La base ethnique mélangée issue de l'ancienne URSS rejoue la situation des minorités russes dans les Pays baltes, en plus grand, et en plus compliqué dans les réminiscences anciennes, de la fondation de la Russie jusqu'à Tarass Boulba, voire avant, avec les Scythes. Le dernier épisode du don de la Crimée à l'Ukraine en 1954, par Khrouchtchev, a été vite réglé par un référendum contesté par les Occidentaux, alors qu'ils tolèrent beaucoup mieux ceux d'Écosse ou de Catalogne, ou ceux qui concernent la sortie de l'influence russe. Le propre de la politique, qui consiste à vouloir jouer un plus malin en faisant deux poids, deux mesures, réduit finalement la réalité à des rapports de forces.
Il semblerait que l'affaire ait commencé sur la question du choix entre l'association à l'Union européenne ou l'Union asiatique que Poutine essaie de construire. Mais là aussi, l'affaire n'est pas très claire dans la crise qui a abouti à la révolution de Maïdan et la destitution de Ianoukovitch en février 2014. L'Ukraine semble vouloir profiter de l'alliance avec l'Union européenne, sans doute pour bénéficier d'aides au développement, comme ce fut le cas pour la Pologne, qui soutient l'Ukraine en ce sens. Or, il est peu probable que ce soit réellement envisagé par l'UE, du fait de la situation économique générale. D'ailleurs, c'est plutôt la Russie qui remplirait les conditions d'entrée dans l'Union européenne.
Mais en dernière analyse, la situation de crise économique ukrainienne, comme chacun sait, réside surtout dans les difficultés du pays à payer sa facture de gaz russe. L'époque où le gaz russe à destination de l'Europe de l'ouest passait à 80 % par l'Ukraine est terminée. Cette source de revenu et ce moyen de pression disparaît. Ce qui est étrange, c'est que l'Ukraine semble vouloir bénéficier des tarifs préférentiels de l'ancienne URSS, ou de la nouvelle Union asiatique de Poutine, tout en faisant partie de l'Union européenne, et en se revendiquant de l'économie de marché. On verra. La période hivernale sera cruciale.

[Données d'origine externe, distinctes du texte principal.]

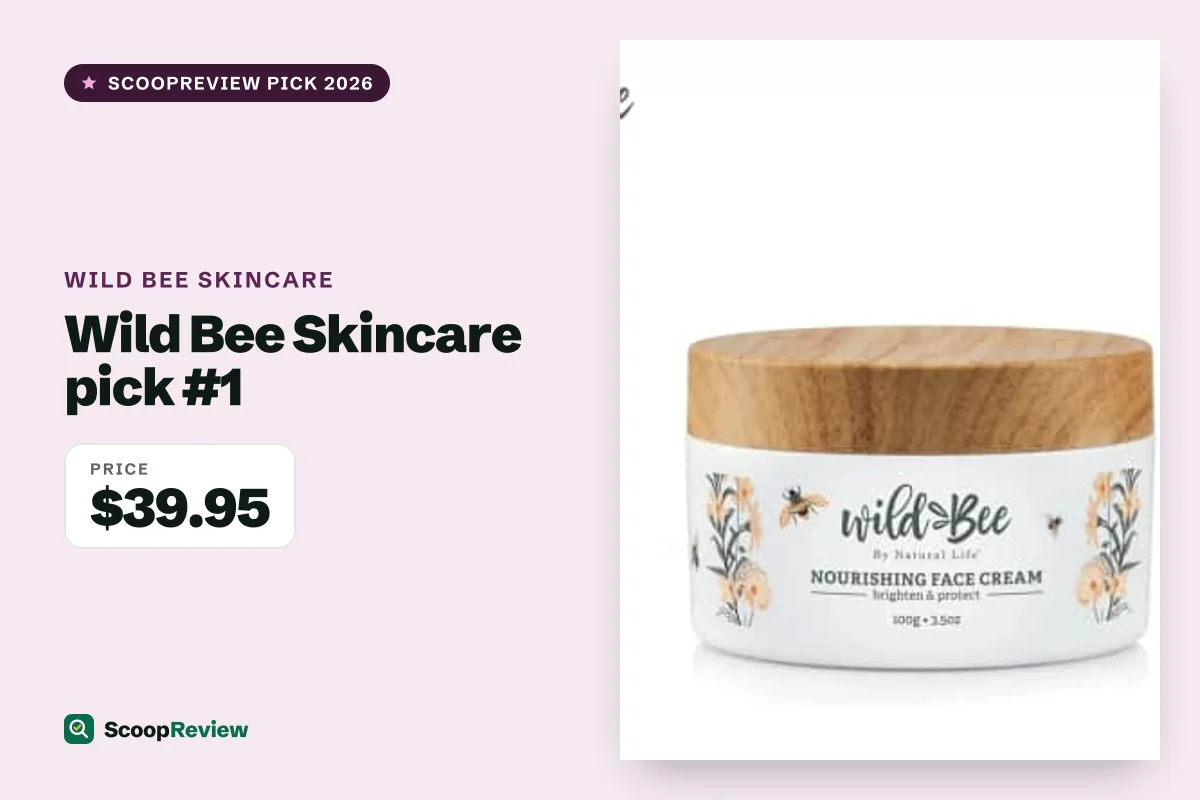 Wild Bee Skincare product 1 – Wild Bee Skincare review 2026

La tension internationale issue de cette crise engendre une situation dont on se serait bien passé dans le contexte international. Les sanctions contre la Russie provoquent des rétorsions de sa part, dont les effets se font sentir sur les agriculteurs européens. Les Occidentaux sont un peu trop optimistes sur ce sujet. Les Européens dépendent de la Russie, comme client ou comme fournisseurs, au moins autant que l'inverse. La Russie était déjà en cours de recherche de débouchés extérieurs, comme la Chine, l'Iran. Toute une série de pays émergents sont encore disponibles.
La diplomatie russe a une carte à jouer pour renforcer son autonomie dans le cadre du multilatéralisme. L'affaire de Syrie pourrait même lui permettre de jouer une carte décisive pour reprendre pied dans la région, jusqu'en Irak et au Kurdistan. Les erreurs des Américains dans cette zone pourraient se terminer par leur débâcle stratégique.